Segment Open
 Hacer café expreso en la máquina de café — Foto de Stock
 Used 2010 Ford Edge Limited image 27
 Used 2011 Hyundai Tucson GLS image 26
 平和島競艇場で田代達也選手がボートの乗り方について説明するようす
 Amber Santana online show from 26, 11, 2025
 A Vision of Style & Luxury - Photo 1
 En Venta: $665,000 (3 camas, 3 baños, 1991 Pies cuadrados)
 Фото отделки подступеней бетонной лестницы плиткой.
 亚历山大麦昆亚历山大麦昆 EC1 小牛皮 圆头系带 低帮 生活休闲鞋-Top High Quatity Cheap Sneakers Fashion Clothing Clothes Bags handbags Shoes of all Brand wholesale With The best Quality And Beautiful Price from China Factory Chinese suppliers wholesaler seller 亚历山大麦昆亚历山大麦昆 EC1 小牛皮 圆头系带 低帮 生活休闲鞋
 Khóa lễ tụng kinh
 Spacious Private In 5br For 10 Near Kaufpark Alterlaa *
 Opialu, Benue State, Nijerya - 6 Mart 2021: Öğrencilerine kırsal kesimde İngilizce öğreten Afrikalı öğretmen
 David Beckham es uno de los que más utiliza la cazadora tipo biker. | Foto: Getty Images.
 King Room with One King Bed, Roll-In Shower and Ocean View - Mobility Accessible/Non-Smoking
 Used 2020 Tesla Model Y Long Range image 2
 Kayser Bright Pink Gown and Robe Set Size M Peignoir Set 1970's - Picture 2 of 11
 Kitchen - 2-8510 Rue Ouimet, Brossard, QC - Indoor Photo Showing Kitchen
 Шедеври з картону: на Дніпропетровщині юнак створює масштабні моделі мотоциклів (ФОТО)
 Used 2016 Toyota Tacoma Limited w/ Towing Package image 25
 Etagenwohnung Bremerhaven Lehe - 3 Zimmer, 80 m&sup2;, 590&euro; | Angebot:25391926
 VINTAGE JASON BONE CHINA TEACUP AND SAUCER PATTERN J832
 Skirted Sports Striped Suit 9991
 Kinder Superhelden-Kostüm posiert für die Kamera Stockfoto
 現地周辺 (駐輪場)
Segment Closed
Write down only the number of lines that contain the string "Photo" in the listing.

2